Segment Open

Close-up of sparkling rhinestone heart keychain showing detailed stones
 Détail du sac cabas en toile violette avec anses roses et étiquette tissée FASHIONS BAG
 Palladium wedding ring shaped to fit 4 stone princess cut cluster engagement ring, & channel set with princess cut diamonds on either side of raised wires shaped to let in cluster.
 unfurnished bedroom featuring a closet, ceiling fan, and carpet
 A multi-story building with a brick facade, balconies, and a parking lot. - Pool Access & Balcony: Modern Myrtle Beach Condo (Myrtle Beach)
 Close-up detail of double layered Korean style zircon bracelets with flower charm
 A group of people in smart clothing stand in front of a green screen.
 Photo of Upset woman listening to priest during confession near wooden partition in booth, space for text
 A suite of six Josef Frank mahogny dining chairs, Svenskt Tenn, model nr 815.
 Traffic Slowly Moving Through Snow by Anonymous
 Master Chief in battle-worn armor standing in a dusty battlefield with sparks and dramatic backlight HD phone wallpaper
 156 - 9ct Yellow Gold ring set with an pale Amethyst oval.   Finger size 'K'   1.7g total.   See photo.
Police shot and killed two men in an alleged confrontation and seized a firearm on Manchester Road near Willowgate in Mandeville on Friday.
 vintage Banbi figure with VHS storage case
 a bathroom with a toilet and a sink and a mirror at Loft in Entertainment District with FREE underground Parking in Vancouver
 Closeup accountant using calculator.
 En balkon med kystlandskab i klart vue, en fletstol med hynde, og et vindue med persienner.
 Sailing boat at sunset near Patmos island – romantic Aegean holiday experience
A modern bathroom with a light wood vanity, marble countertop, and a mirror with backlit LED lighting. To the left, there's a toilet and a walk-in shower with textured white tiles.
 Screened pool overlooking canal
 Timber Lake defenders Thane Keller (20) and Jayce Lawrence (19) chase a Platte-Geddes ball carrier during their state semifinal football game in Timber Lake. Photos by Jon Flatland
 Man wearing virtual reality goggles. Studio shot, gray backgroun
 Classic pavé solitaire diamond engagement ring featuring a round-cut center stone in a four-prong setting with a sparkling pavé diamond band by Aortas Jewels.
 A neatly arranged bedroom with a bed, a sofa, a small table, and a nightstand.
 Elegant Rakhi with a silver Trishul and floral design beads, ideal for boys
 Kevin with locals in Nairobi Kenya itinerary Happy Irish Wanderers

Segment Closed

Could you retype exactly the lines above, starting at the line that contains "Close-up detail of" and ending at the line that contains "A suite of six", and nothing more?

Exercise response
 Close-up detail of double layered Korean style zircon bracelets with flower charm
 A group of people in smart clothing stand in front of a green screen.
 Photo of Upset woman listening to priest during confession near wooden partition in booth, space for text
 A suite of six Josef Frank mahogny dining chairs, Svenskt Tenn, model nr 815.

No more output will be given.